A bug tracking system continuously monitors the status of a software environment, like an Operating System (OS) or user applications. Whenever it detects an anomaly situation, it generates a bug report and sends it out to the software developer or maintenance center. However, the newly reported bug can be an already existing issue that was reported earlier and may have a solution in the master report repository at the developer side. Such instances may occur repeatedly in an overwhelming number. This poses a big challenge to the developer. Thus, early detection of duplicate bug reports has become an extremely important task. This work proposes a double-tier approach using clustering and classification, whereby it exploits Latent Dirichlet Allocation (LDA) for topic-based clustering, single and multimodal text representation using Word2Vec (W2V), FastText (FT), and Global Vectors for Word Representation (GloVe), and text similarity measure fusing Cosine and Euclidean measures. The proposed model is tested on the Eclipse dataset consisting over 80,000 bug reports, which is the amalgamation of both master and duplicate reports. This work only considers the description of the reports for detecting duplicates.
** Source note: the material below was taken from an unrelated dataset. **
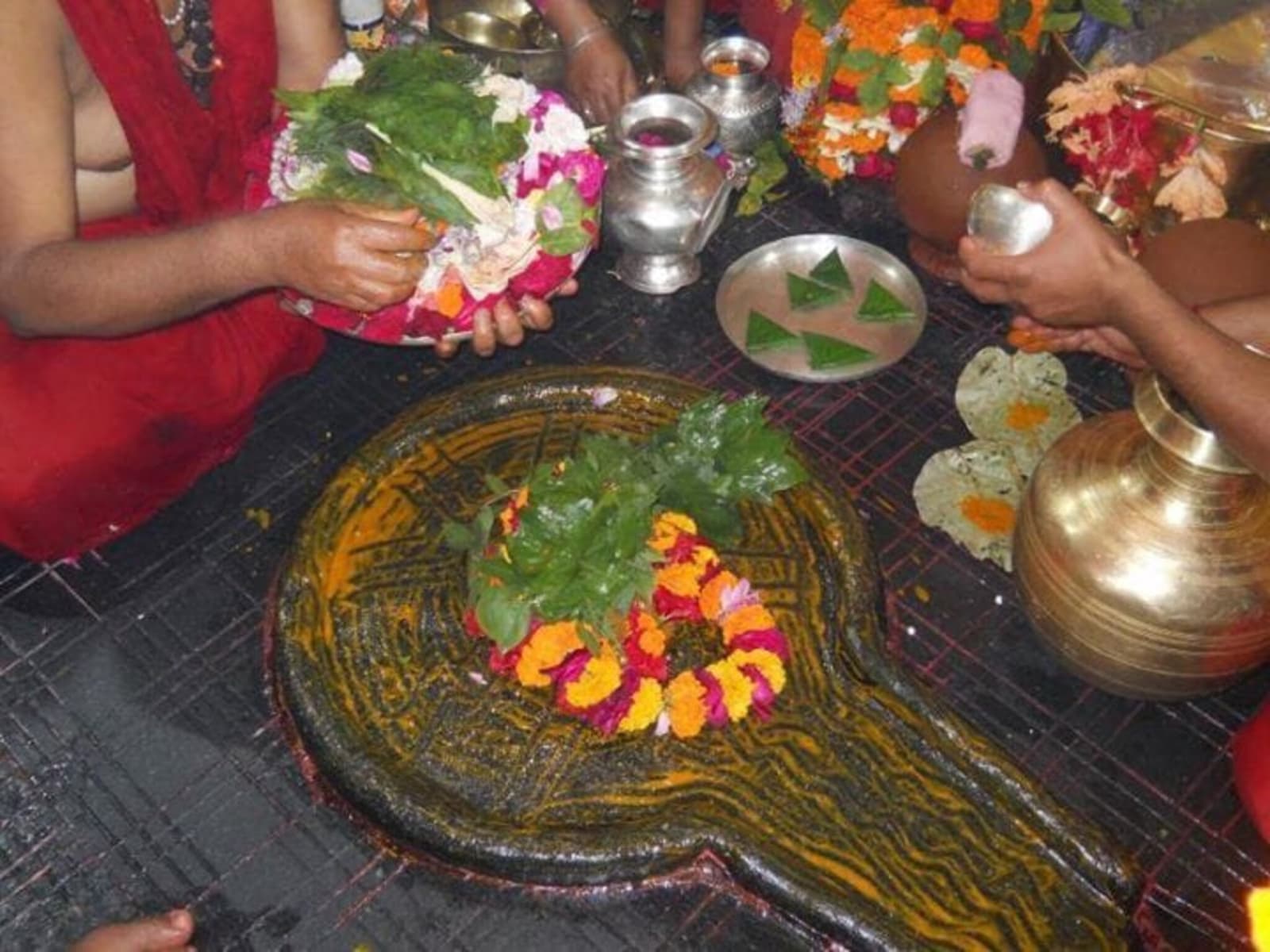 Baba Baidyanath Temple photo 3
The experimental results show that the proposed double-tier model achieves a recall rate of 67% for Top-N recommendations in 3 times faster computation than the conventional one-on-one classification model.
- Latent Dirichlet Allocation (LDA) is applied on the preprocessed master reports toform clusters.
- Pre-trained LDA is applied on preproccesed duplicate report to find the most similar cluster in which associated master report may exist.
- Home cluster : The duplicate report jumps into the selected Top-n cluster to find the most similar master report.
- Finding the master report:
- Unified similarity measure using Cosine and Euclidean similarity is used to find the similarity between single or multimodal feature vectors of a duplicate report and the master reports in the corresponding cluster individually.
- Top-N similarities would be selected which would result in Top-N recommended master reports.